I was seeking out the various passages in Exodus – the bit that explains Bob Marley’s drug habit – and Dudedontneuterme – the bit where the Levi-wearing Midianites beg Moses not to cut their bits off (in vain it turns out) – where the Ten Commandments are explained.
“And, as a level 7 aetheist, you are doing this why?” At least that was the reaction from a disbelieving Mrs Martini. She didn’t even know we had a Holy Bible in the house and she was most amused that I would choose it as my bedtime reading.
“Well actually, Moac,” I carefully explained, “I’m reading Vanity Fair and the Bible’s only here as a reference guide.”

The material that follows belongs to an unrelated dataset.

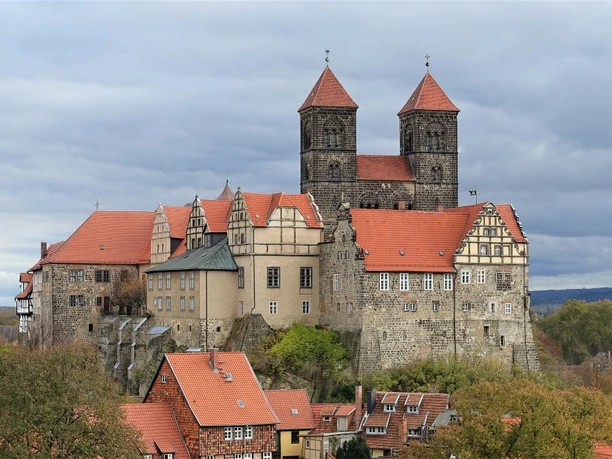 Blick vom Münzenberg auf das Schloss Quedlinburg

Moac gets this; while doing her BA she was told to read the Holy Bible (I always feel there should be an exclamation mark here, like this: “Holy Bible! Batman.”) as it was the foundation for a lot of literary references. I pointed out to her that the late, great HST swore by the Bible. He swore at pretty much everything, but that’s another story.
Mr Hitchens carving himself a new one
This story is about the essay in VF by Christopher Hitchens in which he argues that the Ten Commandments should be revised and redacted. The points he makes – which is why I needed the Holy Bible! – are that at the various times in Exodus and Dudedontneuterme where the tablets of stone are mentioned, the wording does indeed change and that the surly and obviously mad-as-a-hatter Moses even smashes the original set in anger. An even angrier God has him go back up the fuckenmountain for another 40 days and 40 nights** to hew some more freakentablets.
I didn’t know, until I read in Hitchen’s piece that the Ten Commandments had changed from one passage to another. The Vanity Fair piece is worth a read; Exodus was a classic piece of reggae-rock; the book of Dudedontneuterme is worth a laugh, but it’s far too frightening for children.
The New Commandments: Christopher Hitchens, Vanity Fair, April 2010
** I checked: this is not the same 40 days and 40 nights during which the earth flooded and Noah’s ark ended up on another fuckenmountain.